■ **SUPPLIED INFORMATION**
────────────────

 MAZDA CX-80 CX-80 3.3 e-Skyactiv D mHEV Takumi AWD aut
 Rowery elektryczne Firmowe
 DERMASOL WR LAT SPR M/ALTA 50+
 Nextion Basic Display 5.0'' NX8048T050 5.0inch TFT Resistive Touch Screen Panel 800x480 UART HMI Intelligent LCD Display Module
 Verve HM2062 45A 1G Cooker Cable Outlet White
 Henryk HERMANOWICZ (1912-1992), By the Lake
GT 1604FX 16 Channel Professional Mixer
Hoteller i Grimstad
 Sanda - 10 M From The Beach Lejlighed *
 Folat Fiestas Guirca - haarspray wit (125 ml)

────────────────

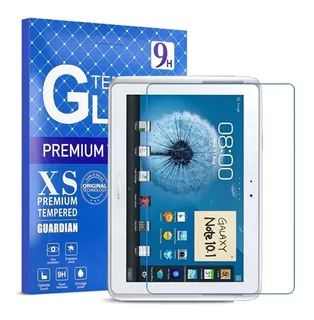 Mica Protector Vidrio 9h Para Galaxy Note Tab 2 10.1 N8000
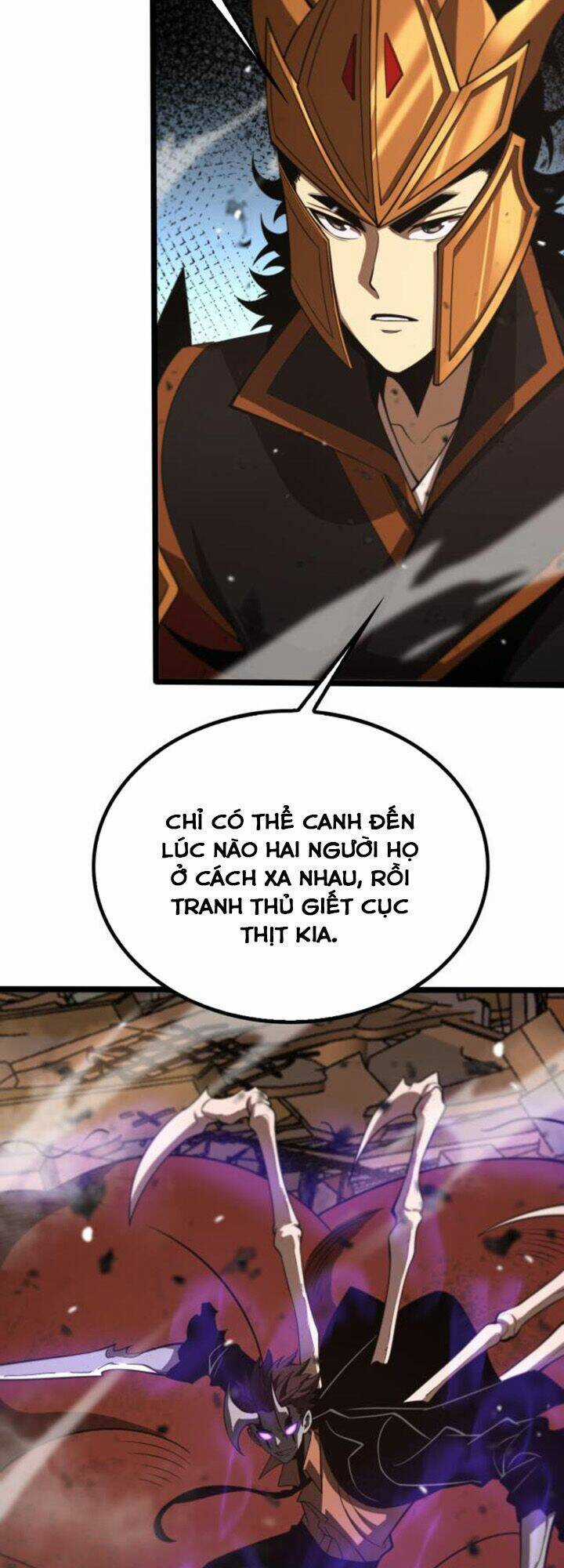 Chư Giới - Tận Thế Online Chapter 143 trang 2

────────────────

■ **WHAT TO WORK ON**
Starting at the line above that contains "Mica Protector Vidrio", transcribe every line exactly through the line that contains "Chư Giới - Tận", including that last one, and skip the pictures.

■ **TASK ANSWER**
 Mica Protector Vidrio 9h Para Galaxy Note Tab 2 10.1 N8000
 Chư Giới - Tận Thế Online Chapter 143 trang 2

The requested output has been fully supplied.